_WHAT THE TASK ASKS:_ Repeat each line of the data below exactly, but skip the pictures.

_DATA BELOW:_
# # #

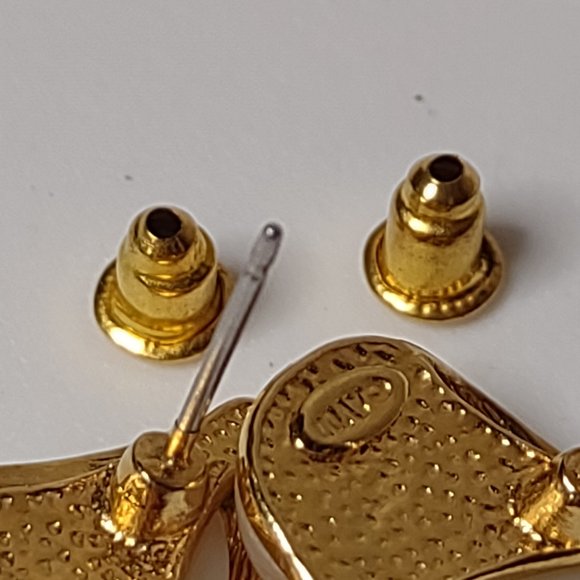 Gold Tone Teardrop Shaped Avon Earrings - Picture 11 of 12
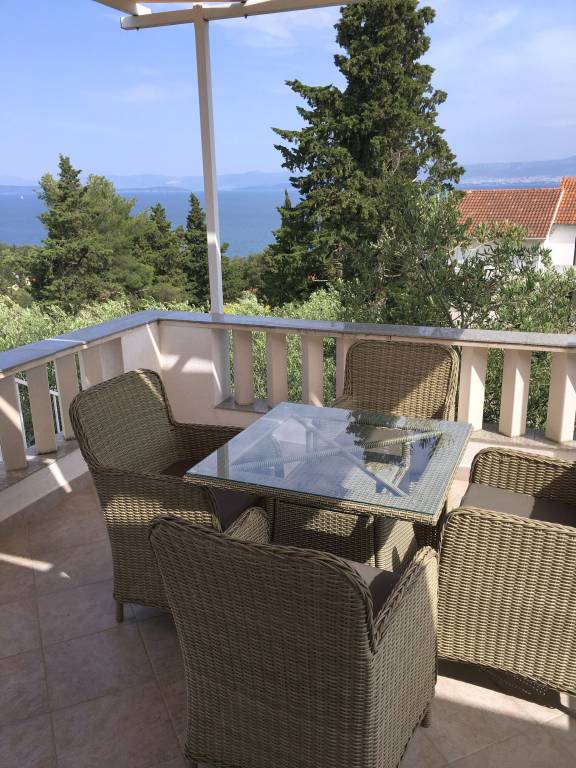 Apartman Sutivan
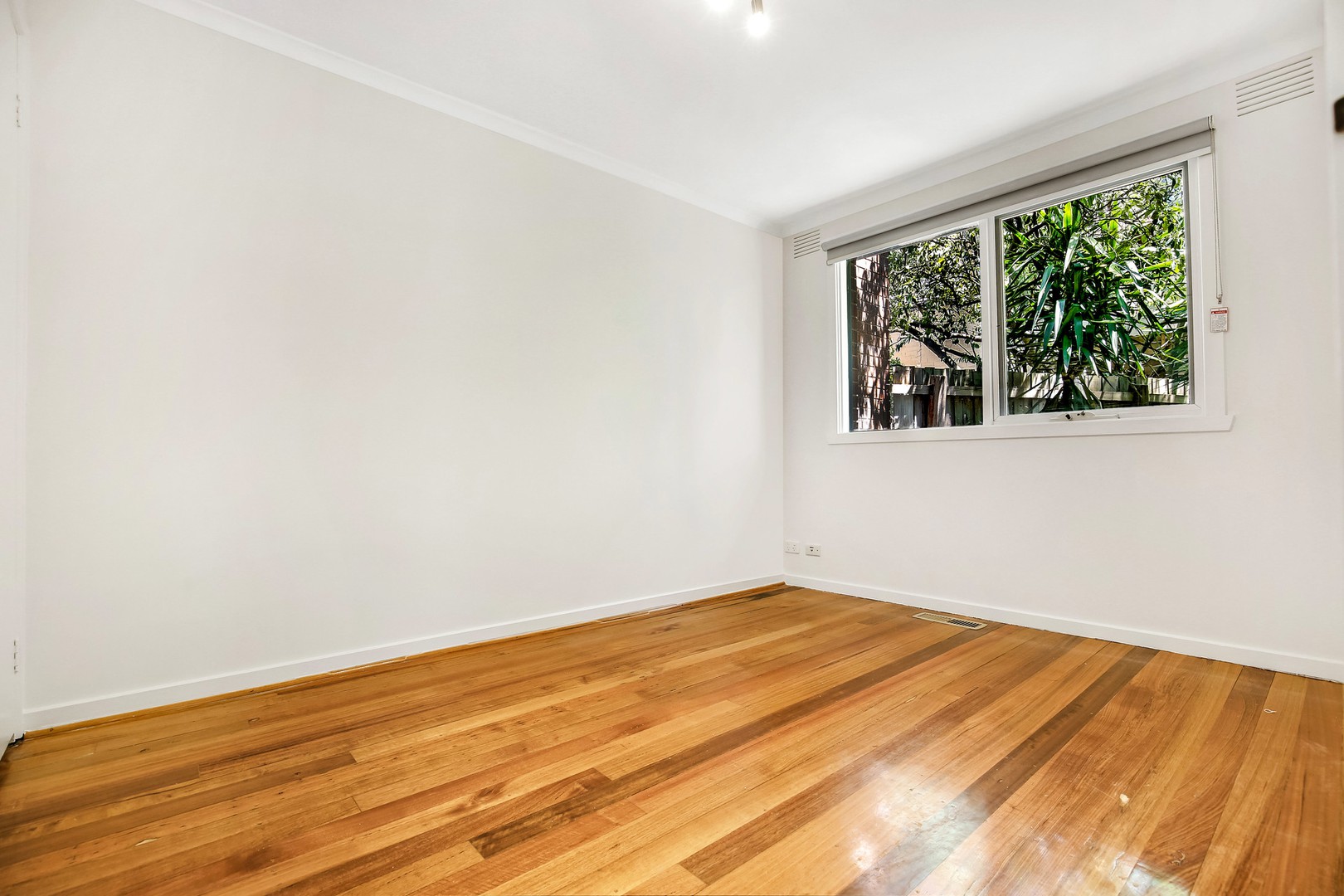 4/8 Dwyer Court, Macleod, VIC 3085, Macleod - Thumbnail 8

# # #

_EXERCISE SOLUTION:_
 Gold Tone Teardrop Shaped Avon Earrings - Picture 11 of 12
 Apartman Sutivan
 4/8 Dwyer Court, Macleod, VIC 3085, Macleod - Thumbnail 8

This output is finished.